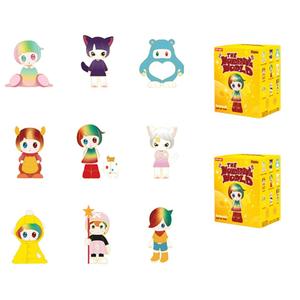 POP MART Shioya Yosuke, Wonder Planet Collection, бейдж мистери бокс сингл слепой бокс/полный бокс 9 шт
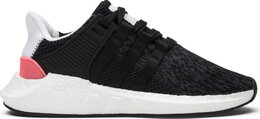 Adidas: Чёрные кроссовки  EQT Support 93/17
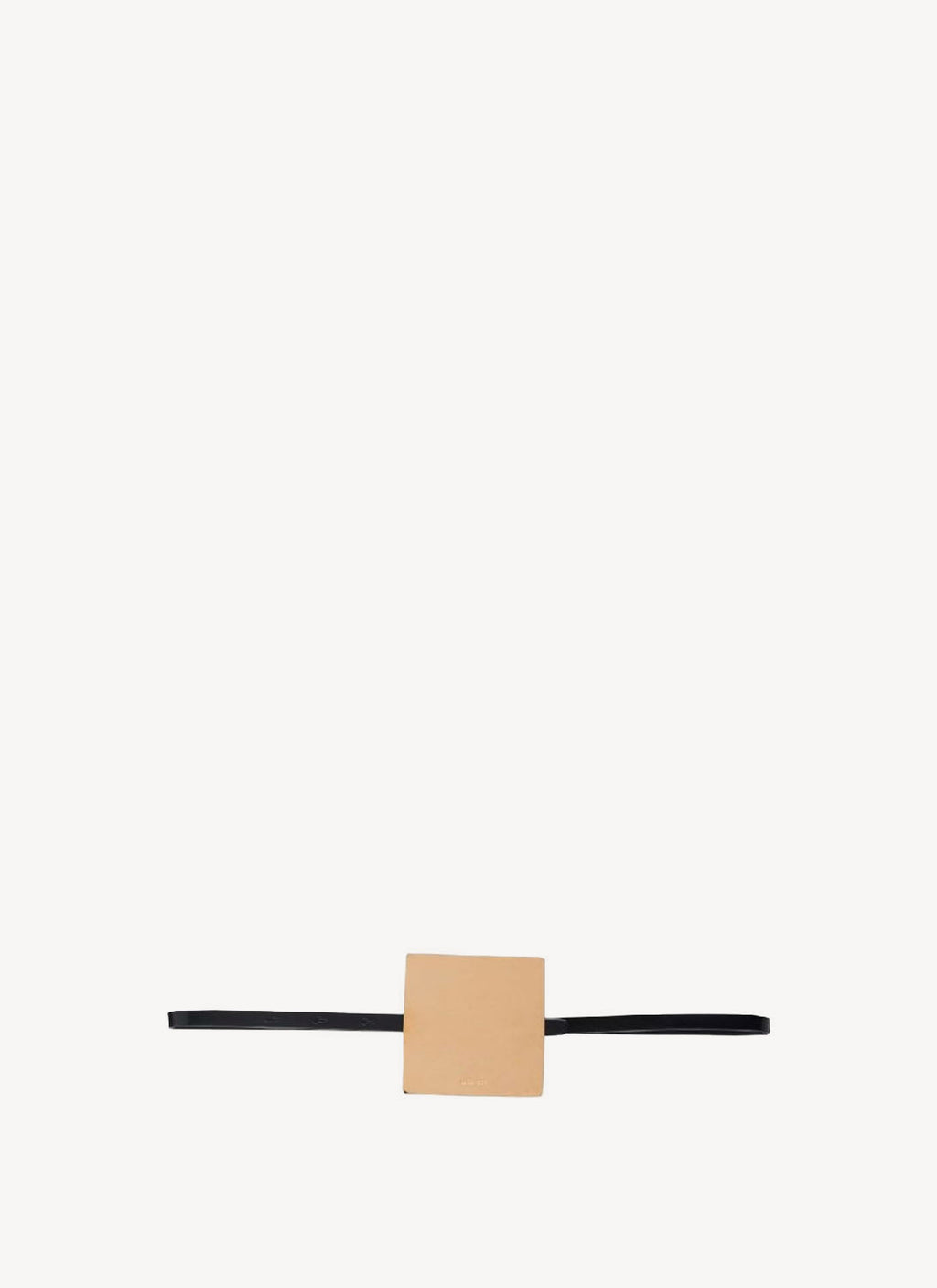Jil Sander - Cinturón Square Plaque - Negro - Mujer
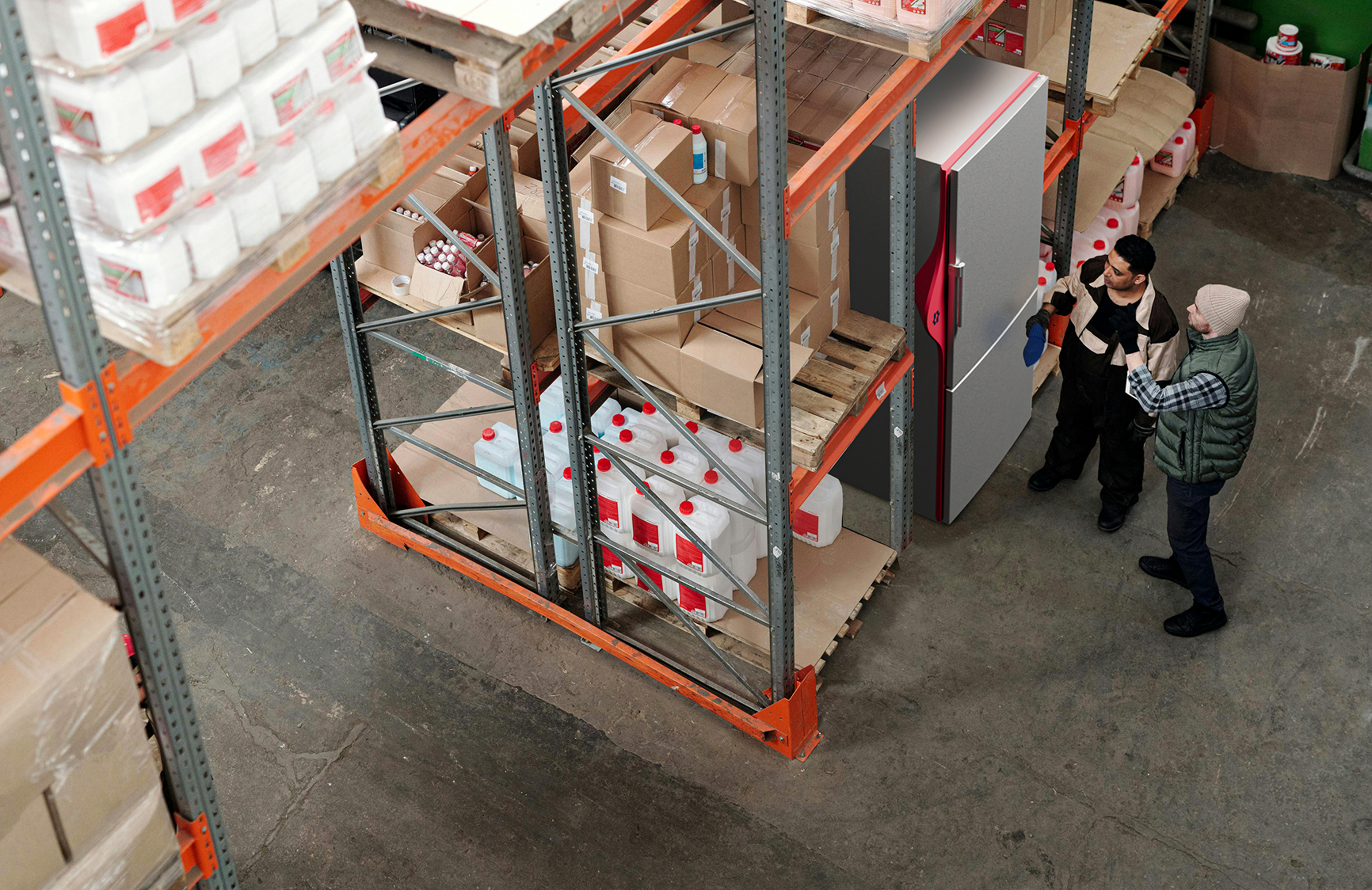 PREPO Kühlschrank im Lager eines Betriebes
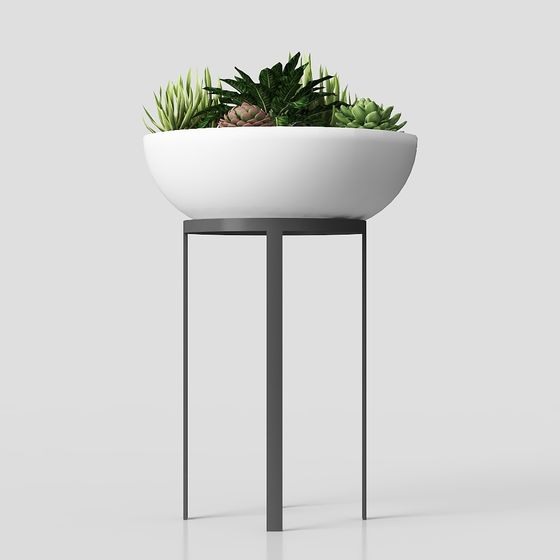 Urban Oasis Planter Stand 3D model
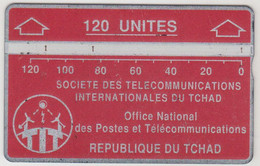 CHAD - Red 120 Units, CN :009B, Tirage 8.000, Used - Tchad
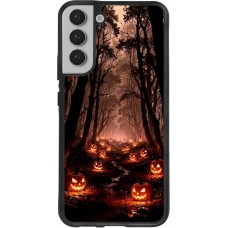 Coque Samsung Galaxy S22+ - Silicone rigide noir Halloween 2025 Road of Terrifying Pumpkins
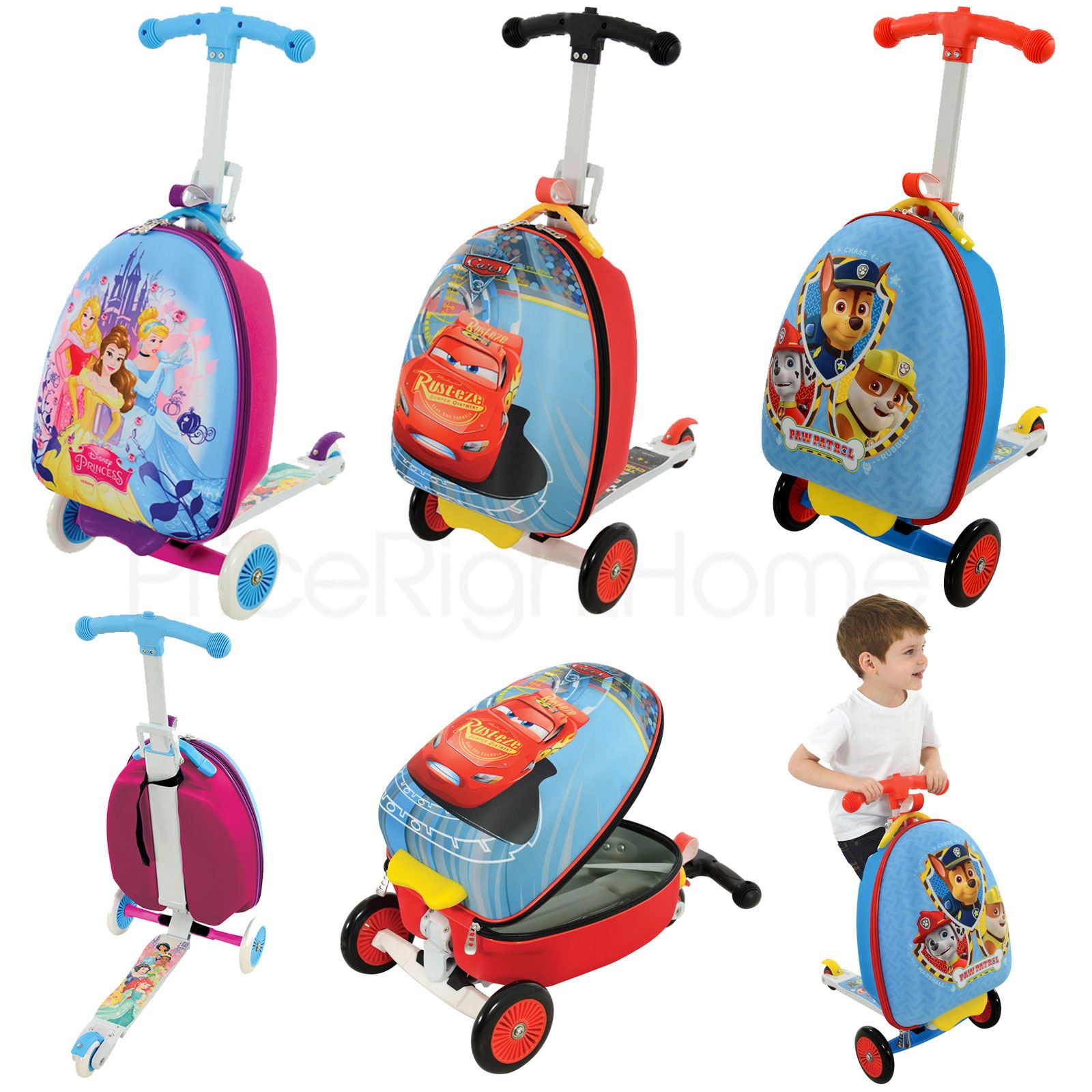 paw patrol luggage scooter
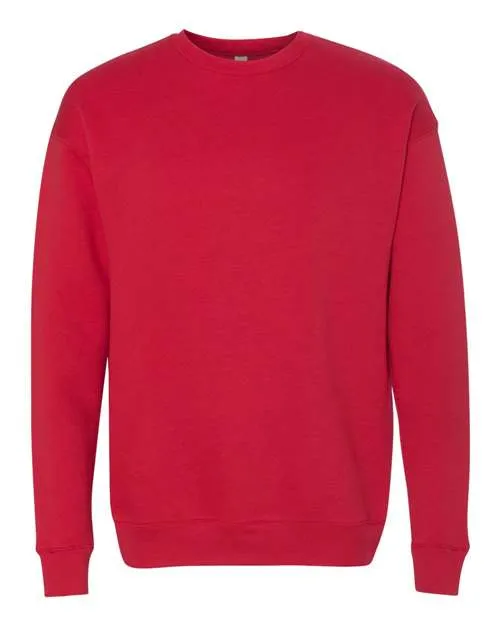 BELLA   CANVAS Sponge Fleece Drop Shoulder Crewneck Sweatshirt 3945 Pink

::::::

TASK INSTRUCTIONS = Beginning with the first line of the records, write out every line up to and including the one with "PREPO Kühlschrank im Lager eines Betriebes", exactly, and omit all pictures.

WRITTEN ANSWER =
 POP MART Shioya Yosuke, Wonder Planet Collection, бейдж мистери бокс сингл слепой бокс/полный бокс 9 шт
 Adidas: Чёрные кроссовки  EQT Support 93/17
Jil Sander - Cinturón Square Plaque - Negro - Mujer
 PREPO Kühlschrank im Lager eines Betriebes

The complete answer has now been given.